Couldn't resist another simple,,, side project while working on coach 64, so I reposed Abraham Kealoha so that he could climb down from the tender and have a seat. He fits fine in Lanakila or in coach null. 
I figure, with all the coaches I'm going to be building, I'm gona need some passengers or B.F. is going to shut down passenger service before it gets started


----------



## Reylroad (Mar 9, 2008)

Richard, 

VERY NICE! Crossed arms is different, yet not many figures have that pose. I'll probably need him for combine #38 when completed. Keep them passengers comming, they're sorely needed. 

Tom Rey


----------



## flatracker (Jan 2, 2008)

Great pose Richard! I don't recall seing a figure with crossed arms either, so it will be a nice change (also does away with trying to make all those fingers which I always have trouble with). What kind of material are you using to imprint a design on his clothes?


----------



## rkapuaala (Jan 3, 2008)

Bob, 
I used a piece of a cotton T-shirt to imprint the pattern. I soaked it in alcohol first.


----------



## Jeff Livingston (Jan 2, 2008)

Rick, 

Am I seeing things or is Abraham beginning to look more like you? Another GREAT figure. He make a fine priest too. 

Jeff Livingston 
Kaneohe, Hawaii


----------



## rkapuaala (Jan 3, 2008)

Aloha Jeff, 
Thats just the angle of the photo. 
I used to think there might be a family resemblance because my Great, Great Grandmother was a Kealoha, but that can't be because I have met his Grand son Nathan Alipio and he tells me his Grandfather was original from Kaua'i. That being said, he did point out that if you follow a Hawaiian family trees back far enough, we are related some how.


----------



## Biblegrove RR (Jan 4, 2008)

Wow~... How do you get such great facials? My people still look like monkeys! 

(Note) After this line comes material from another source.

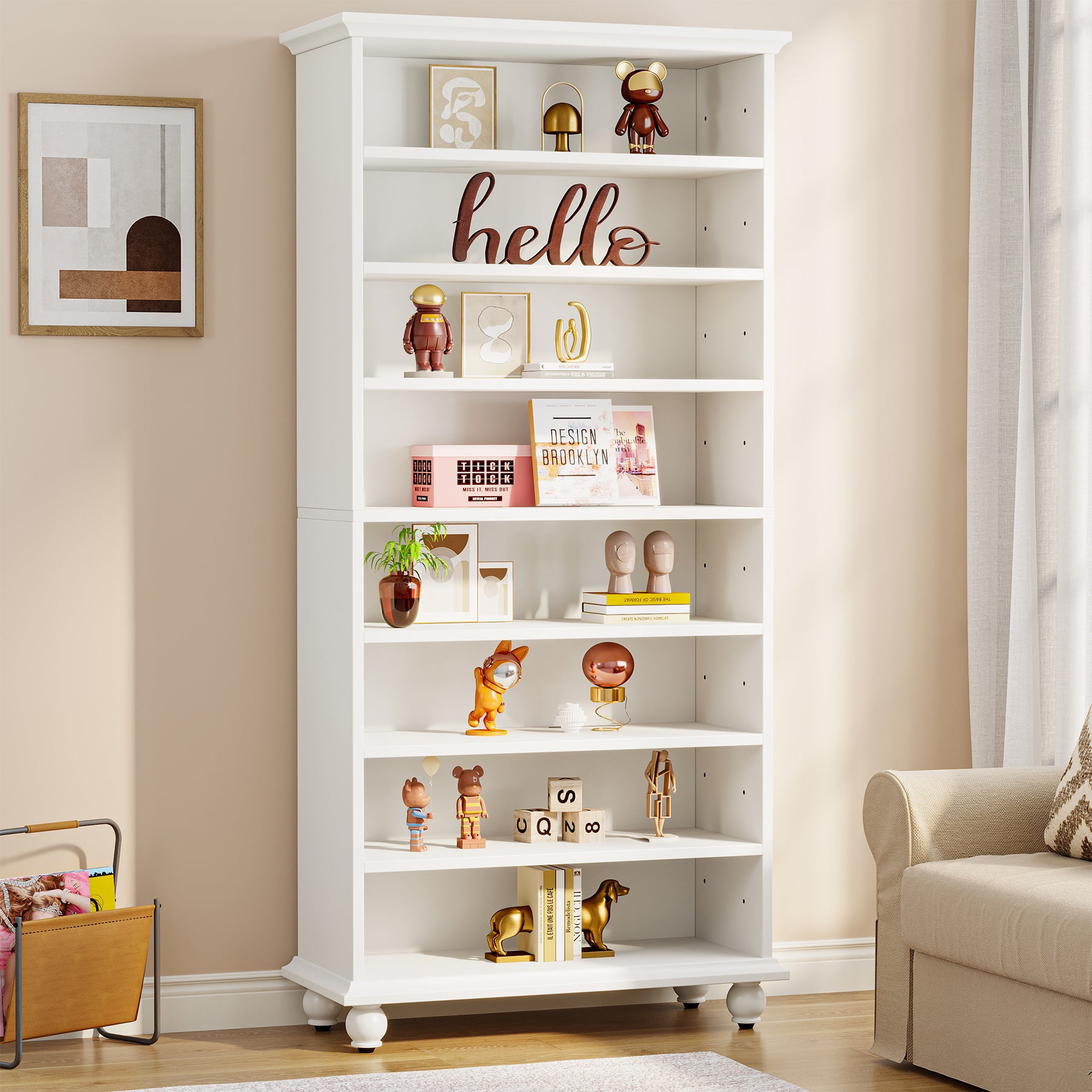 Tribesigns 69-Inch White Bookcase with LED Lighting and Solid Wood Legs, 9-Tier Open Bookshelf for Living Room and Home Office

Here is a guy I work with and he's aleays wearing his hair spiled and clothes from the Gap etc. We work in a call center(headphones) and he lifts weights in his cube! lol


----------



## rkapuaala (Jan 3, 2008)

I use a method similar to one I learned for carving wooden figures. Here is a link to it. CARVING FACES LINK 
Great paint job on his shorts man!


----------



## blackburn49 (Jan 2, 2008)

Posted By rkapuaala on 04/25/2008 3:32 PM








Couldn't resist another simple,,, side project while working on coach 64, so I reposed Abraham Kealoha so that he could climb down from the tender and have a seat. He fits fine in Lanakila or in coach null. I figure, with all the coaches I'm going to be building, I'm gona need some passengers or B.F. is going to shut down passenger service before it gets started 


The more I look at this one the more I like it.


----------



## Torby (Jan 2, 2008)

Wow~... How do you get such great facials? My people still look like monkeys! 




Practice, man, practice! 

Our secretary says my faces are scary. Wait a minute. Oh, yes, she *is* talking about my figures.


----------



## mewilkinson (Jan 2, 2008)

Thank you Richard for the Komo mai moku puni (creating faces) link. Your work is always inspirational and exquisite. The first couple of times I say your work I thought my feeble attempts a figure making will never come up to your skills. But now it just makes me want to practice more so that I may come close to what you have achieved. Thanks for sharing your skills, talents and time making MLS the great place it is. 

Mike


----------



## rkapuaala (Jan 3, 2008)

Your welcome Mike. Thanks for the compliments. I am sure if you keep at it, you will be just as good as me, if not better. BTW, I write all my html with vi (a text editor) to speed things up, I used another page so I could keep the same layout. I forgot to change the page title. Komo mail moku puni does not mean creating faces. It means Welcome to my islands. Thanks for the heads up, I'll change that title immediately to avoid confusion.


----------